═══ RECORDS SHOWN
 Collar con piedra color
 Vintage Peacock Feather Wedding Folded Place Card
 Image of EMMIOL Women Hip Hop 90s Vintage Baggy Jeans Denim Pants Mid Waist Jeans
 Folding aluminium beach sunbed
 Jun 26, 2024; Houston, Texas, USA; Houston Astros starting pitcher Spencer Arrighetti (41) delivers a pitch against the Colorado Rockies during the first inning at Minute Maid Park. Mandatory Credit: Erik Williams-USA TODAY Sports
══════
═══ RECORDS SHOWN
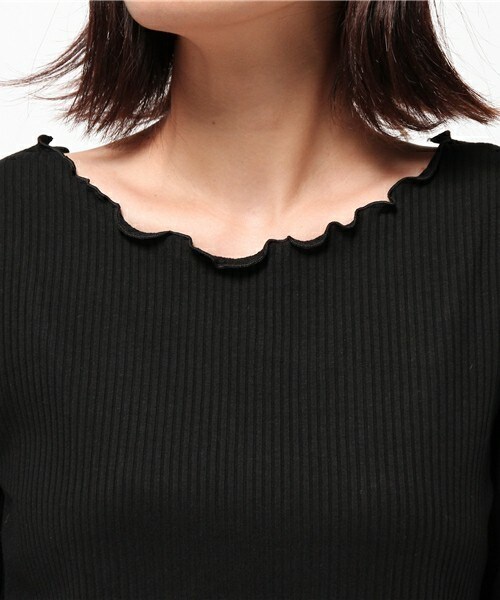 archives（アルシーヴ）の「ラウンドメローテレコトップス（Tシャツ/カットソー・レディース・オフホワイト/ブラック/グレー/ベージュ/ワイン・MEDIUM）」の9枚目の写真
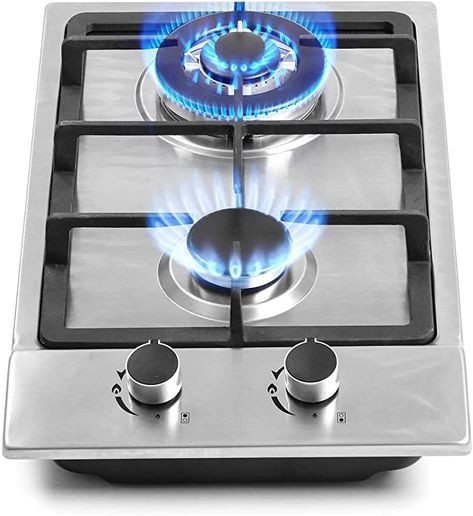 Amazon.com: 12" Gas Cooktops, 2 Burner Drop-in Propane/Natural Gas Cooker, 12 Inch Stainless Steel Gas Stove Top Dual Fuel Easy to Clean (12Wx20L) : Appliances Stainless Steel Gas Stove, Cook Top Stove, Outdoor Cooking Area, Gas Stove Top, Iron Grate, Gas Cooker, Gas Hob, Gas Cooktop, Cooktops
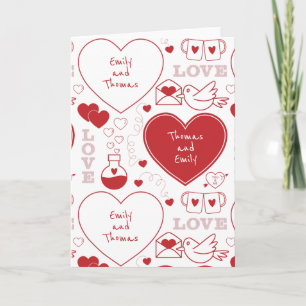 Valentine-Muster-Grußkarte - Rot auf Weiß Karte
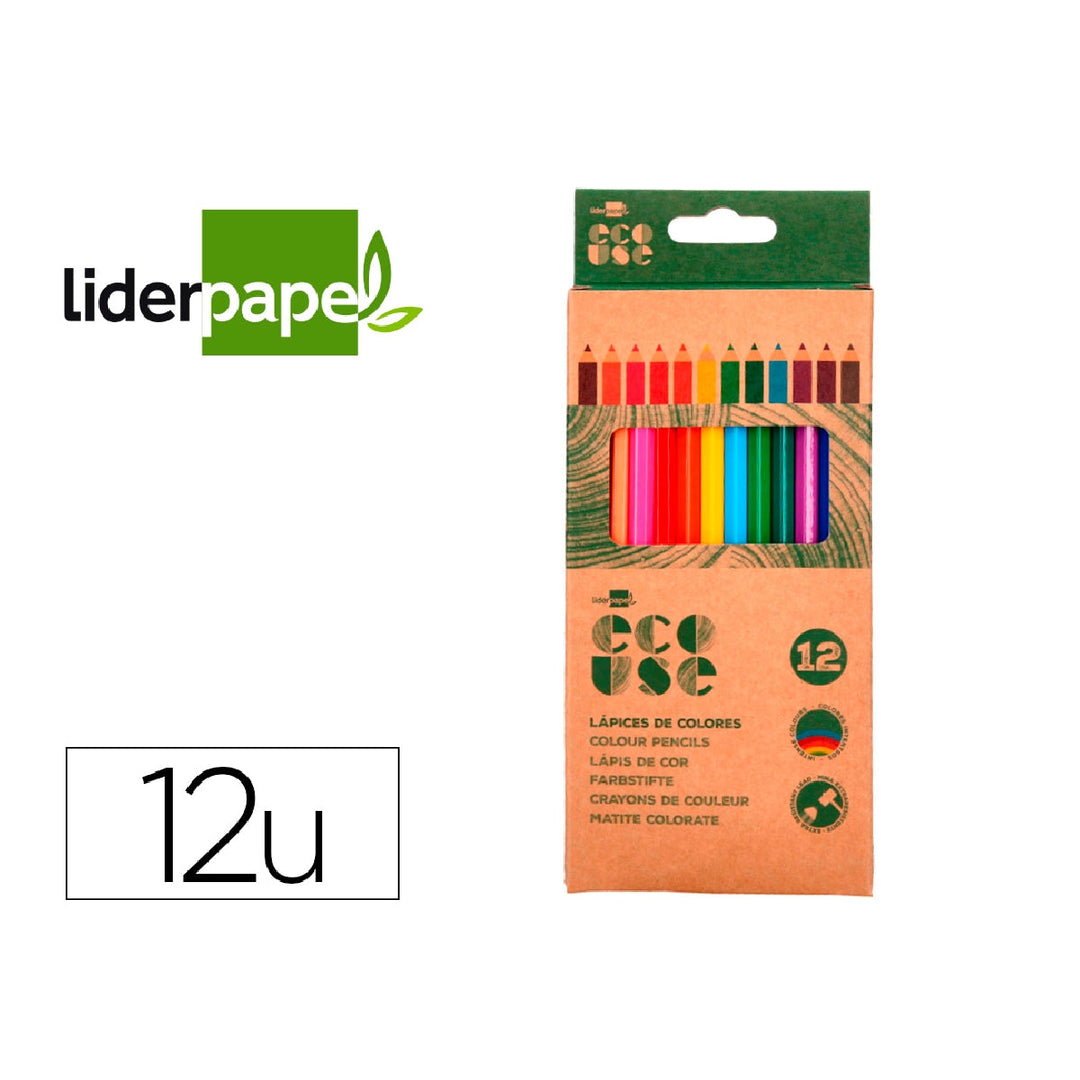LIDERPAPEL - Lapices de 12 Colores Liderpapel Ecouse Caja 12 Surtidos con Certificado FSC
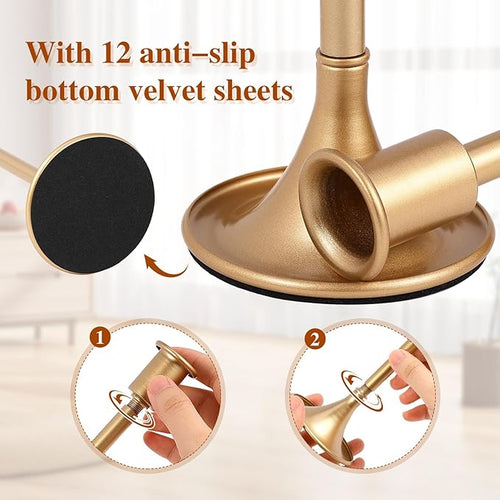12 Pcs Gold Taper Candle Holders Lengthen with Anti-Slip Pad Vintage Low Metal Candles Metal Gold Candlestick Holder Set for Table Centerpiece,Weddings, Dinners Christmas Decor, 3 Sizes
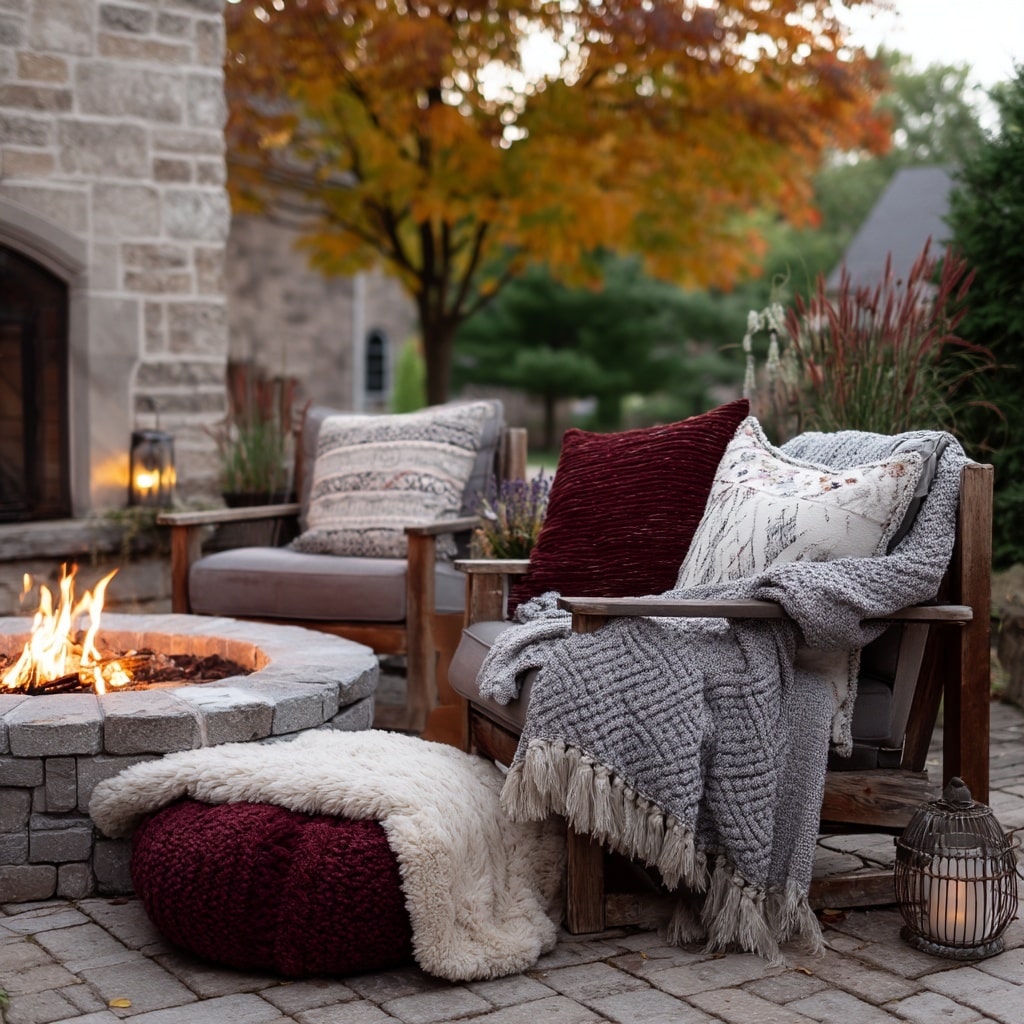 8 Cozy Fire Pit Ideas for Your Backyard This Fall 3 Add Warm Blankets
══════
═══ RECORDS SHOWN
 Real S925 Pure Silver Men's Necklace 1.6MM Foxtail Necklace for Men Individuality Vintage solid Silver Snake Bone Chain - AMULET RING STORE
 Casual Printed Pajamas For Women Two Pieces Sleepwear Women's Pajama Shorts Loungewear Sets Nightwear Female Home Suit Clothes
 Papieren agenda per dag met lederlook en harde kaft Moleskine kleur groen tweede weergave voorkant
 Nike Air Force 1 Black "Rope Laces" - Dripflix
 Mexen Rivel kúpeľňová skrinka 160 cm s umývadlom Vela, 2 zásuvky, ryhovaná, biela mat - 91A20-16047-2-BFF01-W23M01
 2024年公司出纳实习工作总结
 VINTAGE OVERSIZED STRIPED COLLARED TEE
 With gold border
══════
Return, unchanged, the run of lines above that opens with the line containing "Mexen Rivel kúpeľňová" and closes with the line containing "With gold border". Include both.

* [EXPECTED OUTPUT]:
 Mexen Rivel kúpeľňová skrinka 160 cm s umývadlom Vela, 2 zásuvky, ryhovaná, biela mat - 91A20-16047-2-BFF01-W23M01
 2024年公司出纳实习工作总结
 VINTAGE OVERSIZED STRIPED COLLARED TEE
 With gold border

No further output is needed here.